Il y a un an jour pour jour, la Bibliotheca Textoriana présentait la première édition séparée du poème Amalthée de Marc Claude de Buttet, parue à Lyon, chez Benoit Rigaud, en 1575. Ce fut l’occasion de rappeler la vie et l’œuvre de ce poète, largement méconnu aujourd’hui, ami de plusieurs membres de la Pléiade et certainement le meilleur poète savoyard de son temps.

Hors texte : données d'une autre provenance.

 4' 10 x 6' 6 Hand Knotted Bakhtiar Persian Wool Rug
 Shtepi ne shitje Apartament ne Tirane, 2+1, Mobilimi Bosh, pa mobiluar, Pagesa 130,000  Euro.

Autour de 1546, Marc Claude de
Buttet, né à Chambéry, vient étudier à Paris, au collège de Coqueret, sous la
férule de Jean Dorat, éminent helléniste. Il y croise de jeunes étudiants qui
rêvent de gloire et de poésie tels que Pierre de Ronsard, Joachim du Bellay ou
Guillaume des Autels. Marc Antoine de Buttet se fait remarquer à la cour par le
cardinal Odet de Châtillon, frère de l'amiral Gaspard II de Coligny, qui le
fait entrer dans le cercle de la princesse Marguerite de France, Duchesse de
Berry. Alors qu’il commençait à se faire une petite réputation de poète dans
les cercles parisiens, il choisit de suivre sa protectrice à Chambéry
lorsqu’elle s’installa sur ses terres savoyardes après son mariage avec le
Prince Emmanuel Philibert de Savoie, le 10 Juillet 1559. Le mariage, endeuillé
par la mort du roi Henri II, fut l’occasion pour de Buttet d’écrire un épithalame,
comme l’avaient fait de leur côté Ronsard et Du Bellay. [1]
Le poète savoisien aurait
beaucoup écrit selon son ami Louis de Richevaux [2] mais assez peu publié. Le
poète ne recherchait pas la gloire mais se contentait de la compagnie de ses
compatriotes, réunis dans le château des Buttet, près du lac du Bourget, qui se
firent appeler le Cercle de Tresserve.
Sarah Alyn Stacey, grande
spécialiste du poète, a dénombré moins d’une dizaine de courtes publications (Apologie
pour la Savoie contre les injures de Barthélémy Anneau, Ode à la Paix
pour célébrer le traité de Cateau-Cambraisis, Epithalame pour le mariage
de la Duchesse de Savoie, Ode Funèbre sur la mort du Roi, etc). Elle a
même retrouvé deux pièces inédites aux archives de Turin l’une intitulée Chant
de Liesse (1563) [3] après la convalescence du
Duc, l’autre Sur La Venue de Tresillustre Anne d’Este (1566), pour l’entrée
de Jacques de Savoie et d’Anne d’Este à Annecy, pièce reprise dans l’Amalthée
de 1575 [4].
Buttet écrit principalement
des pièces de circonstance pour ses amis ou ses protecteurs. Comme souvent à
cette époque les textes circulent sous forme manuscrite avant qu’il ne se décide
tardivement à les rassembler pour une édition. Il nous dit d’ailleurs qu’il lui
a fallu retrouver tous ces poèmes éparpillés chez ceux à qui il les avait
envoyés.
Et maintenant, lecteur, afin
que je ne me montre ingrat de ce peu qu'elles (les Muses) m'ont
donné, je t'ai assemblé tout ce que j'ai pu recouvrer de mes vers, lesquels,
pour les avoirs nonchalamment délaissés étaient perdus quant à moi. Sans
quelques-uns de mes amis et ceux à qui je les avais adressés, qui, plus curieux
que je n’en étais à cette heure, m’en ont fait part ; espérant faire encore un
volume ayant recouvré le reste [5].
L’essentiel de la production conservée
du poète savoyard tient dans son recueil intitulé Le Premier Livre des Vers
dédié à tresillustre princesse Marguerite de France, Duchesse de Savoie et de
Berri auquel a esté ajouté le Second ensemble L’Amalthée. Comprenez, au
premier livre a été ajouté le second livre des vers, puis le poème l’Amalthée.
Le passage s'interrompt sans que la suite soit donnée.